In Resistance: Avalon, I did indeed go Full Quinns and forgot to deal in the Merlin card. Needless to say, that as a spy, I was an impressively good Minion of Mordred that round.

The Hot Take You've Been Waiting For

So, Jeremy Corbyn.

I…don’t know. Don’t know. I’m still reeling from the audacity of his victory; it wasn’t a sneaking past the post on second or third preferences, it wasn’t a tidal wave of entryism. It was the Labour Party en masse reaching up to the PLP and saying: “You lot. Sod off.”

And the scale of that victory will buy him some time. Even the PLP isn’t insane enough to start a coup before the May elections (note: you’ll never go broke betting on the insanity of the Blairite factions, but I think even they have to realize they can only go to decapitation if May is a disaster).

I think the Tories may soon discover that their traditional ‘slander early and often’ approach may not work with a leader that doesn’t believe in focus groups or PR in general. And that there may be a Johnson/Farage effect as Corbyn gets TV time talking like a human being instead of the usual political contortions.

Having said that, there’s a huge amount on Corbyn’s past that we’re going to be hearing, and not all of it is going to be good. And yes, some of what the Tories are going to drag out is going to be distortion. Sound and fury designed to win the spin cycle by selectively quoting old bits of Hansard. But let’s not kid ourselves either; some of those quotes are not going to be edited. In the tradition of the UK Left, there will be reflexive anti-Americanism, including support of regimes that are neither democratic or humane. And yes, the current Government will be hypocrites when they tweet these things, but that will not automatically absolve Corbyn, and it will not be mentioned on the BBC news reports.

And then there’s the electoral calculus. Two of the reasons Miliband put in such a dismal showing were the collapse of Labour to the SNP in Scotland, and the slaughtering of the Lib Dems in the South West by the Tories (in addition, obviously, to not exactly lighting fires elsewhere). If Scottish Labour plays ball with the new management in Westminster, I can see some SNP seats returning back to Labour. But not as many as they once had. I don’t see much conversion in the South West, though. Maybe breakthroughs elsewhere will be enough?

Whatever happens, there’s no longer any hiding for the Left. For years, we’ve hidden behind what-ifs, and if-onlys. We have everything we’ve said we’ve always wanted: a proper left-wing leader of the Labour Party, somebody who believes in the ideals of Hardie, Attlee, and Bevan. No more excuses, no more half-hearted attempts. The Great Experiment begins…

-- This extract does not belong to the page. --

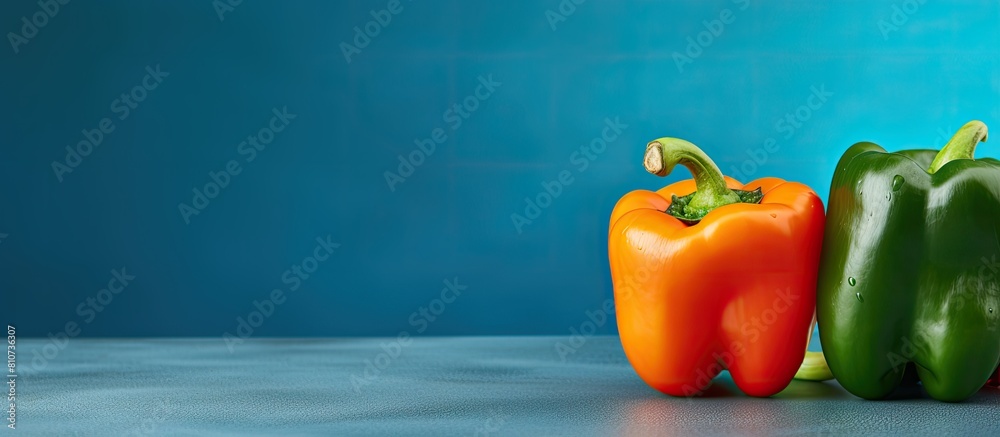 Poster a colorful sweet pepper and paprika lie on a vibrant green table with a blue background providing a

Bank Holiday Monday Till I Die

You can call it Labor Day if you must, but this is a Bank Holiday Monday Weekend, and therefore there are rules:

  1. It must rain at some point during the weekend.
  2. You must watch some very old television (I made it through five hours of Election ‘92 before getting too tired and depressed to continue)
  3. You should have a plan on how you’re going to fill this magical additional time, and then spend at least one of the days doing nothing.
  4. TV Specials! Thankfully, due to an active VPN connection and iPlayer, I was able to fulfill this criteria by watching the Harry and Paul special and also finding the first episode of Cradle To Grave (who knew that there were so many people interested about writing life in British council estates in the early 70s? (the count is now two)).
  5. Hook must be watched, and yet again, discussions need to be had over the ickiness of the Peter/Wendy/Moira plotline, and imagining the fun therapy sessions that likely resulted afterwards.
  6. You must plan to do some gardening (mainly cutting back those bushes that just grow and grow and do not do anything useful), but end up spending all day in your pyjamas instead.
  7. Why not do some DIY? I fulfilled this one by ordering a new shower and tile. Actually doing the DIY is beyond me, so I’m importing family to do it.
  8. Plan out all the additional learning you’re going to do…did I mention the part where I stayed in pyjamas all day?
  9. Be thankful that living in America means that there’s one more holiday before Christmas. Go Thanksgiving! (also, it means re-watching Addams Family Values again!)
  10. It’s officially Christmas season. Play some Slade.